A Rhyming Engine

Here's a rhyming engine, written in 1000 lines of C++ code. It uses the freely available Moby dictionary, and full source code is provided. Give it a try. Read on for technical information.

Please try the updated rhyming web site.



Results:

Relationship to Rhymebrain.com

I originally wrote this post in 2007. For the past five years I have been researching linguistics and machine learning techniques and created rhymebrain.com. Rhymebrain, at its core, still uses the same techniques, but it does it much faster and supports any human language. Rhymebrain is propreitary. However, the source code presented with this article is released to the public domain.

How it works

Programs involving the english language are quite interesting, because there really are no rules. English is very complicated. A great resource is the Moby project, which is a public domain dictionary. It includes a text file providing word lists, including pronunciation and parts of speech.

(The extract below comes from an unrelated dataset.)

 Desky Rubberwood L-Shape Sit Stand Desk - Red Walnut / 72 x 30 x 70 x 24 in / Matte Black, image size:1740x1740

Although I demonstrate only the rhyming part, my WordDatabase object uses both the part of speech and pronunciation information. This is for future expansion. Download source code here

Overview

  • As part of compilation, a perl script combines the Parts Of Speech and Pronunciation dictionary into a single file, dict.txt.
  • The rhyming engine reads dict.txt and, for every word, creates a Word object.
  • The Word object has the part of speech. It also contains a representation of the pronunciation of the word.
  • To figure out if two words rhyme, we compare the last part of their pronunciation. The more syllables that rhyme, the better the rhyme is.
  • The output is sorted so that better rhymes are listed first.

Similar projects

I'm not aware of many similar projects. Somebody named "tuffy" made a rhyming dictionary on sourceforge: rhyme.sourceforge.net. However, for the life of me, I can't figure out why it needs to use an external database package. My technique does not need to pre-compute the rhymes, and it is half as many lines of code.

Personally, I use the rhymezone.com rhyming dictionary for my rhyming needs.

The Rhyming API

class WordDatabase
{
public:
    WordDatabase();
    ~WordDatabase();

    bool load(const char* filename);
    bool findRhymes( DynamicArray& results, const char* word, WordFilter* filter,
            WordArray* wordList = 0);
    Word* lookup( const char* whichword );
    void filter( WordArray& results, WordFilter* filter );
    bool makeWords( WordArray& results, const char* text );
    bool loadThesaurus( const char* thesaurus );
    void addSynonym( Word* base, Word* synonym );
    unsigned getSynonyms( WordArray& results, const char* wordtext );

private:	
    StringMap _wordMap;
    DynamicArray _wordArray;
};

In this introduction, I use the word phoneme to mean a part of a word, as pronounced. Using a sequence of phonemes, and whether each phoneme is emphasized, you can completely describe how to pronounce a word, and hence derive its rhymes and syllables.

Preprocessing

The Moby project has separate files for parts of speech and pronunciation. So I wrote a perl script to combine the two files. The resulting word list only includes words that have both part of speech and pronunciation information.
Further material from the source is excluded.